This week ought to be a time of celebration for Spain. King Felipe VI is being crowned Thursday, after the official abdication of his father, King Juan Carlos I, on Wednesday. But instead, the country will be thinking about something else that happened on Wednesday -- something that will also go down in the history books, but for a far less joyous reason: Spain’s early elimination from the World Cup after a 2-0 loss to Chile.  

It’s only the fourth time in the soccer World Cup’s 84-year history that a defending champion goes home unceremoniously after an elimination in the first round. And Spain had gone to Brazil for the 2014 World Cup as a favorite, widely thought to be in a good position to defend the 2010 title it won in South Africa. On Wednesday, Spain should have been celebrating a victory against the far less vaunted Chilean team.

Instead, the Spaniards are out of the cup. Not even a lopsided victory next week in their third and final match, against Australia, would net them enough points to advance to the round of 16. They are now dead last in their group of four. The Chileans, who had won their first match against Australia by 3-1 last week, are already sure of advancing --  as is the fourth team in the group, the Netherlands, which humiliated Spain 5-1 last week and then beat Australia 3-2.

The significance of such a humiliation -- seven goals to one scored in two matches, an enormity in soccer -- was not lost on the Spanish press, which reacted emotionally. The biggest sports daily in the nation, Marca, went with a simple one-word headline: Crashed! and put it over a picture of goalkeeper and team capitain Iker Casillas staring forlornly into space, while a teammate hides his face under his jersey. The story itself was just as harsh, accusing the outgoing champions of having shown the world “another unbelievable ridicule,” a merciless reference to the five-goal drubbing suffered from the Dutch.

“It’s a sad goodbye,” Marca said, adding  that the team of coach Vicente del Bosque had given “a very poor image.” The squad “screams for a generational change,” read the story -- and that was just the front page summary.   

“That was good while it lasted, but everything ends in life,” Marca said of the national team’s cycle of domination (it won the 2012 European championship as well). And because you can’t have a World Cup without vaguely war-related metaphors, the newspaper noted the match had been “a national agony.”  

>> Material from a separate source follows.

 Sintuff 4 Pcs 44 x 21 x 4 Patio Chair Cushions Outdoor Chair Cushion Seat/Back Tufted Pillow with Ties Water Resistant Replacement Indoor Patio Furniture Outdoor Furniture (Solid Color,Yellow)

The country’s newspaper of record, El País, was more composed in its reaction, simply saying in its main headline on the Web: “Spain out of the World Cup after falling to Chile.” But even the normally subdued País could not avoid words commensurate with the magnitude of the loss: It was “a calamitous effort,” “the nightmare of Brazil,” and, again, “the most complete ridicule.” 

Casillas was quoted by the paper as saying, “I demand forgiveness from the people.” The paper’s sports writer in charge of live-blogging the match caught the spirit perfectly: “Sad night, but you have to get up and think of the future. Life goes on. A strong hug to everybody,” Rafael Pineda signed off.

El fútbol is that serious a deal, yes. And the new king of the Spaniards, knowing well who his subjects are, may very well mention in his coronation speech Thursday a sentiment similar to what Pineda wrote. Felipe VI, meeting the press on Wednesday, asked half-jokingly if the journalists had  any ideas for the speech -- and it’s hard to imagine that the new king’s advisors will not tell him to talk constructively about the defeat, and a future rebirth, as a metaphor that a nation coming out of a dire economic crisis could use as inspiration.

It’s tough to lose like this (and to not one but two formerly Spanish-dominated nations, by the way, though the king won’t say it), but life goes on.